Islington helping to create better futures and mental health for young Black men

Islington Council and the NHS have announced a new, innovative program to help young Black men and boys with their mental health, promoting creating better futures and tackling inequality.

The Young Black Men and Mental Health program will run for three years and will use a holistic approach through four strands to improve personal mental health and well-being, aspirations and life opportunities.

The four strands are:

  • A training program will see barbers in four Islington barber shops equipped with the skills to recognize when a customer is struggling with their mental health and assist them in accessing appropriate support. This will see barbers trained as mental health ambassadors and enable them to act as catalysts for improving mental health.
  • The “Becoming a Man” program will be delivered in partnership with the Mental Health Foundation and will see three Islington secondary schools supporting young Black boys in their long-term mental wellbeing. This will be done by allocating a full-time trained counselor to each school, delivering five sessions per week with groups of young people, including one-to-one support.
  • The “Elevate Innovation Hub” will develop “Elevate Innovation Key Workers” who will provide neighborhood support and community coaching for 16 to 25-year-olds at risk of poor health outcomes, serious youth violence and not entering school.
  • A cultural competence program for partners including the police, GPs, social care workers and schools.

Islington Council’s Executive Member for Equality, Culture and Inclusion, Cllr Roulin Khondoker, said:

“Our vision is for a more equal Islington, where everyone has the chance to start, live and age well, which is why mental health is so important to us.

“However, we know that young Black men currently do not enjoy equal opportunities to thrive, and are more likely to live in deprived neighbourhoods, be excluded from school, and be sectioned under the Mental Health Act. It is imperative that we act now to create a better, more equal future for young Black men, where they too can make their dreams a reality.

“The Young Black Men and Mental Health program is key to achieving this. This holistic, pioneering program, will assist young Black men with the mental health challenges they face, and support them to create a better future.

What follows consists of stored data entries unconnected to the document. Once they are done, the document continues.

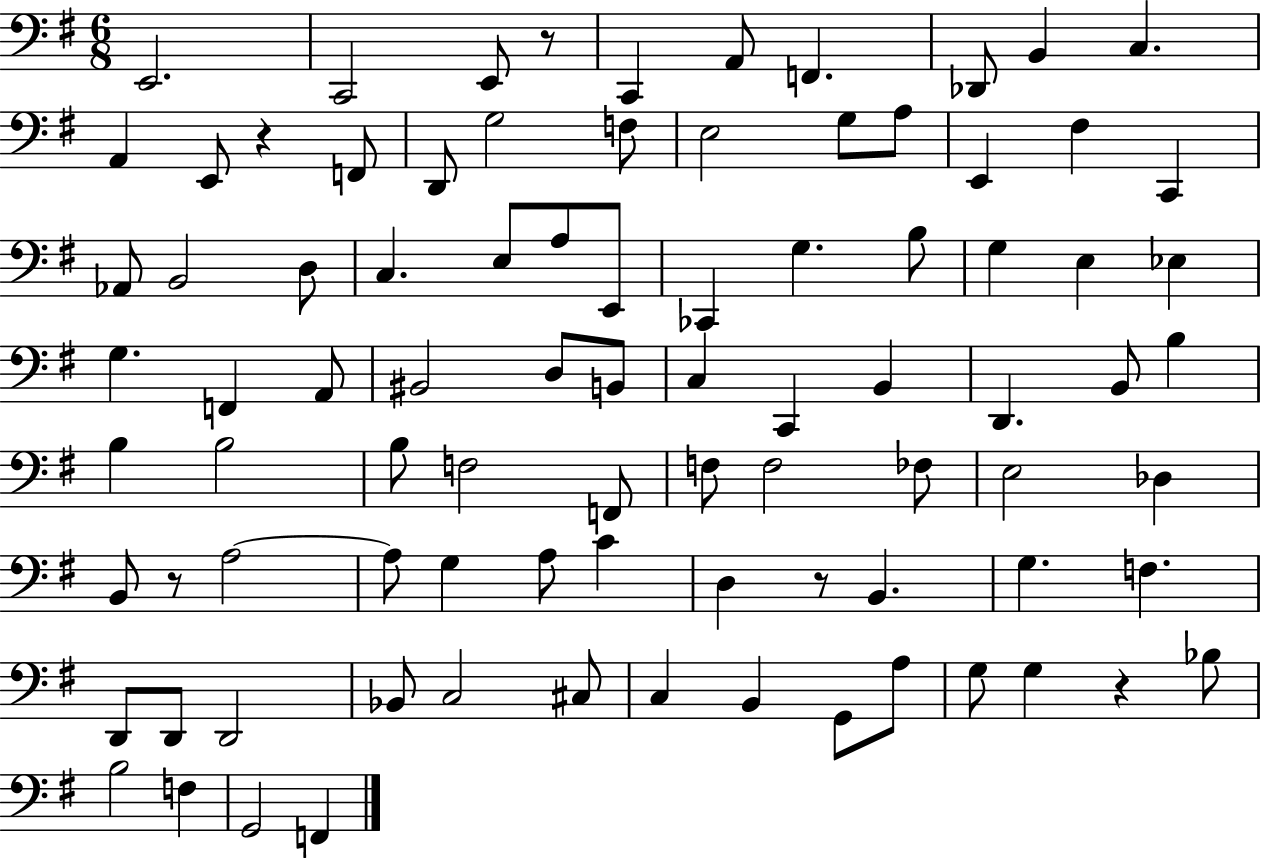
{
  \clef bass
  \numericTimeSignature
  \time 6/8
  \key g \major
  e,2. | c,2 e,8 r8 | c,4 a,8 f,4. | des,8 b,4 c4. | \break a,4 e,8 r4 f,8 | d,8 g2 f8 | e2 g8 a8 | e,4 fis4 c,4 | \break aes,8 b,2 d8 | c4. e8 a8 e,8 | ces,4 g4. b8 | g4 e4 ees4 | \break g4. f,4 a,8 | bis,2 d8 b,8 | c4 c,4 b,4 | d,4. b,8 b4 | \break b4 b2 | b8 f2 f,8 | f8 f2 fes8 | e2 des4 | \break b,8 r8 a2~~ | a8 g4 a8 c'4 | d4 r8 b,4. | g4. f4. | \break d,8 d,8 d,2 | bes,8 c2 cis8 | c4 b,4 g,8 a8 | g8 g4 r4 bes8 | \break b2 f4 | g,2 f,4 | \bar "|."
}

Councilor Jason Jackson, Islington Council ward councilor for Holloway, was heavily involved in the programme. He added:

“Growing up as a young Black man in London was very difficult – it often felt like the world was stacked against you.

“The Black Men and Mental Health youth program is designed to empower, guide and support young Black men and boys as they face these challenges. Through the program, we take on structural and institutional racism, to help shift the practices, assumptions, and perceptions that may be holding young Black boys and men back.